**Task details:**
Look through the material below and give the number of lines where the string "Size" occurs, with nothing added.

**Records for processing:**
========================

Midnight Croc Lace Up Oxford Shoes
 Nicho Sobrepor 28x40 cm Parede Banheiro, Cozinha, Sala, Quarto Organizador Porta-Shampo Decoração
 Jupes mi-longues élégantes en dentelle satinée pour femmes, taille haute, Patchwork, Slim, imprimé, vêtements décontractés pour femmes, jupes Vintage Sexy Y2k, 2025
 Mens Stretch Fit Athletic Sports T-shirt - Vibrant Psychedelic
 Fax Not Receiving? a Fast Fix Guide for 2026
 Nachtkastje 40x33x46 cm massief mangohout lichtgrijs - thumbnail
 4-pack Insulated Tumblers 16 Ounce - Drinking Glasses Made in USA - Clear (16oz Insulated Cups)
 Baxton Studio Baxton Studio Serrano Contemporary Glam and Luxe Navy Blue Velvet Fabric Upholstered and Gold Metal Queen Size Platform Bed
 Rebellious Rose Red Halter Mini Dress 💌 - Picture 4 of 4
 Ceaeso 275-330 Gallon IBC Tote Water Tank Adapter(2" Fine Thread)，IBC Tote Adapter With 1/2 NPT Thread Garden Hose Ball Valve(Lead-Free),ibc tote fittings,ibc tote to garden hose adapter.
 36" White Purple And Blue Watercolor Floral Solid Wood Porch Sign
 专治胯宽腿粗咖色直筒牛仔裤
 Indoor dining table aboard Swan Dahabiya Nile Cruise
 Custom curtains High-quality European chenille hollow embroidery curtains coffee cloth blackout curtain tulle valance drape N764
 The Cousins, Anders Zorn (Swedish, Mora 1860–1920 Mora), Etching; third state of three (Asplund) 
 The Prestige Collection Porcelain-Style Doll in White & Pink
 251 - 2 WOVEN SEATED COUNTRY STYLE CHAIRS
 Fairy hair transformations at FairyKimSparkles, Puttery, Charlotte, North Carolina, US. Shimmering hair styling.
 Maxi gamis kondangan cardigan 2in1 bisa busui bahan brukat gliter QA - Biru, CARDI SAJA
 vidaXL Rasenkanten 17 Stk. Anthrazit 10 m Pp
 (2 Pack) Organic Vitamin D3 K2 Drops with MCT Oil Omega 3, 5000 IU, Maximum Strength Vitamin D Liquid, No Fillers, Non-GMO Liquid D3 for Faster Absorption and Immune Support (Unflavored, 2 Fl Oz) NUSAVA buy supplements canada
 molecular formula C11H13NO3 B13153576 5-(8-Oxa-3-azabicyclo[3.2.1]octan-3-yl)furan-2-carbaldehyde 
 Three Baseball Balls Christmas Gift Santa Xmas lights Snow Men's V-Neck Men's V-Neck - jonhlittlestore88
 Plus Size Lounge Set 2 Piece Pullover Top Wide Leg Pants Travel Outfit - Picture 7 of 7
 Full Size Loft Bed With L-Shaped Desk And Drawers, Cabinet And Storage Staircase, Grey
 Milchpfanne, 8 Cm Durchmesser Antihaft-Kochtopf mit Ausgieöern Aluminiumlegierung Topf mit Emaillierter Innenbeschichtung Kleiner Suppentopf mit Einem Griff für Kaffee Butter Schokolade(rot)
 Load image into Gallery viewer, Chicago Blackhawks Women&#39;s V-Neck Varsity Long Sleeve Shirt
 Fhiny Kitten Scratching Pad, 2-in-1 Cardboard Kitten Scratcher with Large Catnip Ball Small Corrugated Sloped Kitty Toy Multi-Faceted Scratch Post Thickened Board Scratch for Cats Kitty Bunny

========================

**Reply to the task:**
3